For $f\in L^1(\mathbb{R}^n)$, let $P_{2^k}f,k\in\mathbb{Z}$ be the inverse Fourier transform of $1_{2^k\le|\xi|<2^{k+1}}\hat{f}(\xi)$.
Then, do we have the following?
$$\sum_{k\in\mathbb{Z}}\|P_{2^k}f\|_{L^1}^2\lesssim\|f\|_{L^1}^2$$
Here, $A\lesssim B$ means $A\le CB$ for some fixed constant $C<\infty$.
(The notation $P_k$ makes more sense here than $P_{2^k}$.)
It's honestly obvious that the answer is no, because in fact $P_kf$ is not typically even an $L^1$ function, since its Fourier transform is not continuous.
Which is why you might want to consider a different $P_kf$, replacing the charactristic function of that annulus by a smooth cutoff function. If you do that the answer is not so obvious; I still think it's very likely the answer is no, just because these things never work for $p=1$.

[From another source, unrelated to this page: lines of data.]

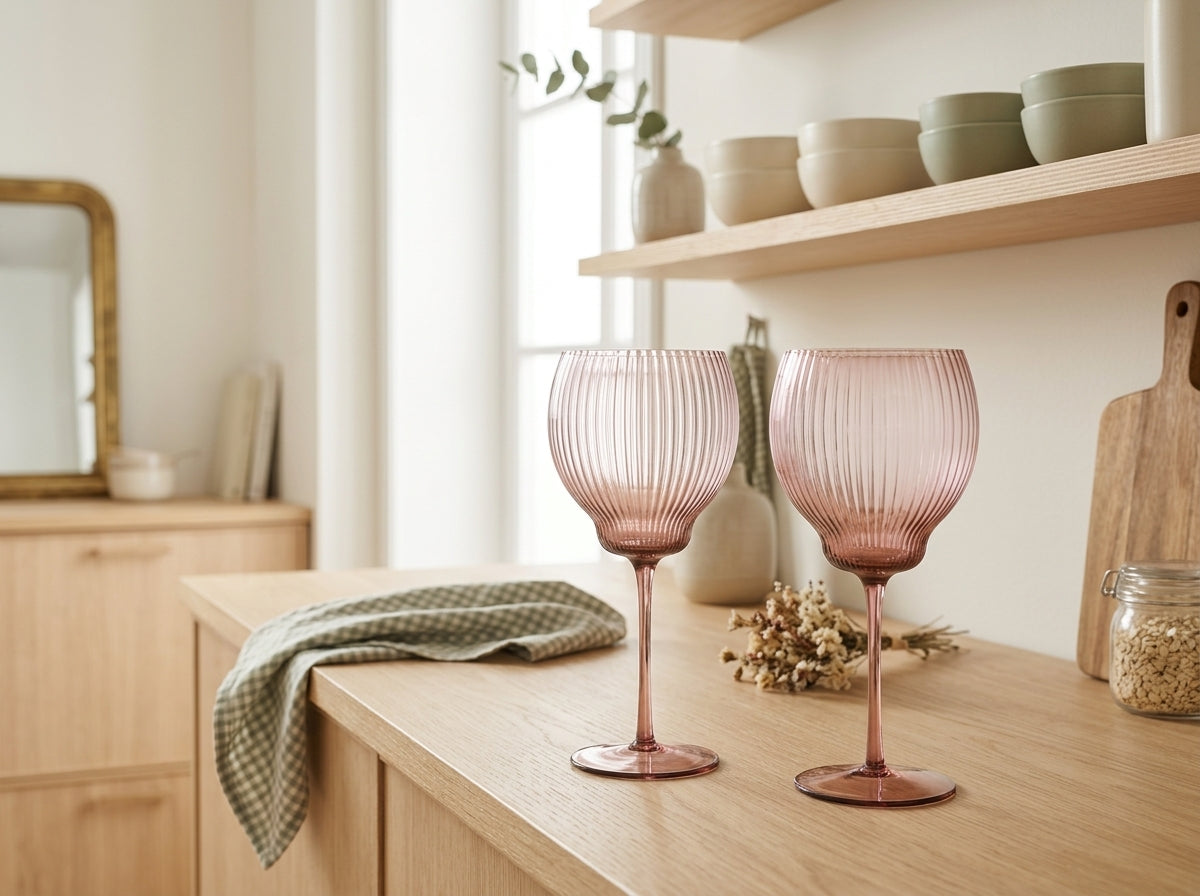 Verres À Vin Jeanne – Lot De 2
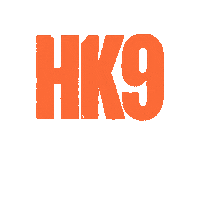 Hk9Canicross Sticker by Tail Waggin'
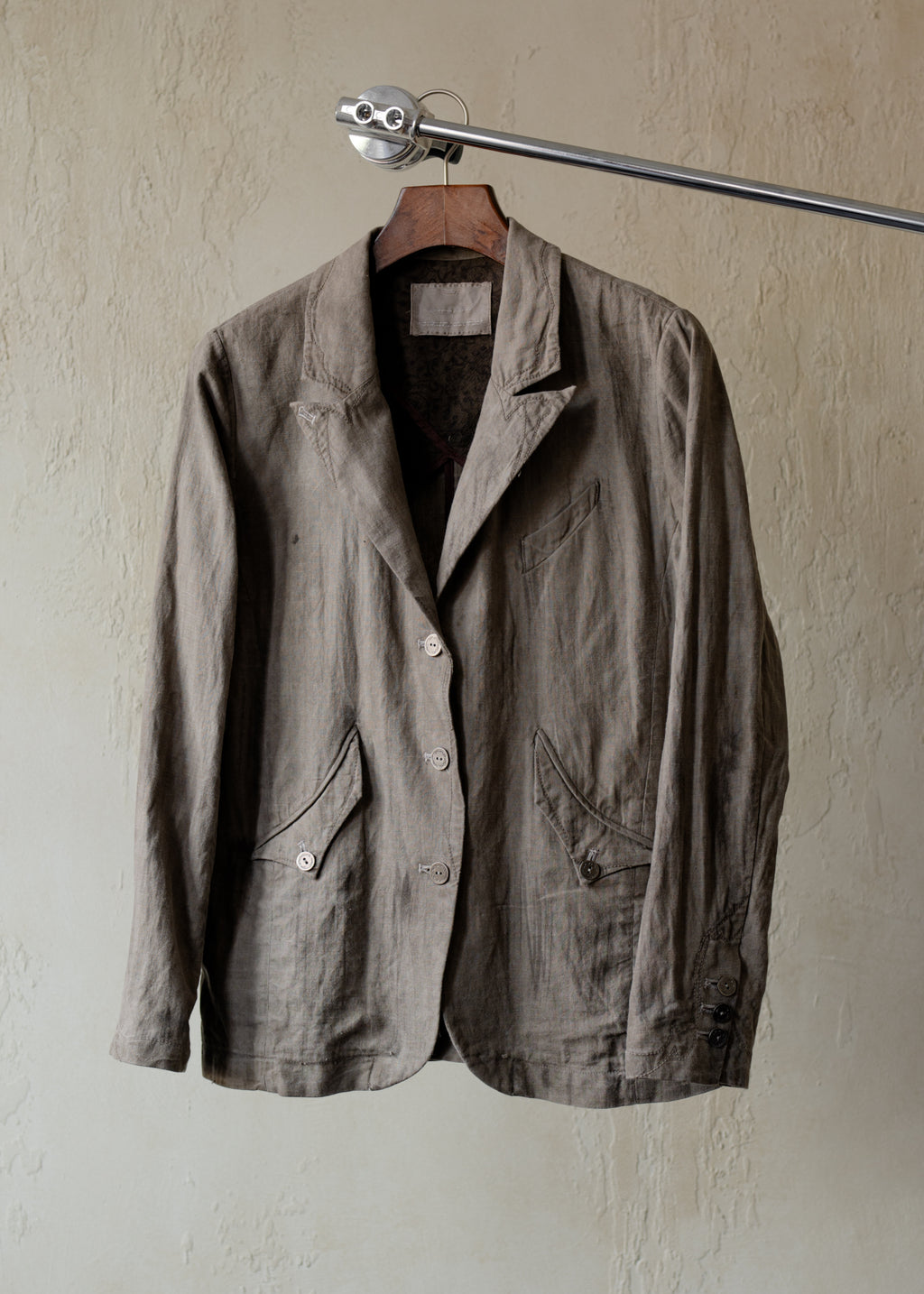 80s Vintage PTA Prodotti Blazer Made in Finland Size L, US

Edit: No wait, it's actually very easy to see the revised version also fails. If true it would imply $$\sum|\hat f(2^kx)|^2<\infty\quad(f\in L^1,x\in\Bbb R^n),$$which we know is not so, since the Riemann-Lebesgue Lemma is best possible (If $\psi>0$ and $\psi\to0$ at $\infty$ then there exists $f\in L^1$ with $\hat f\ge\psi$.)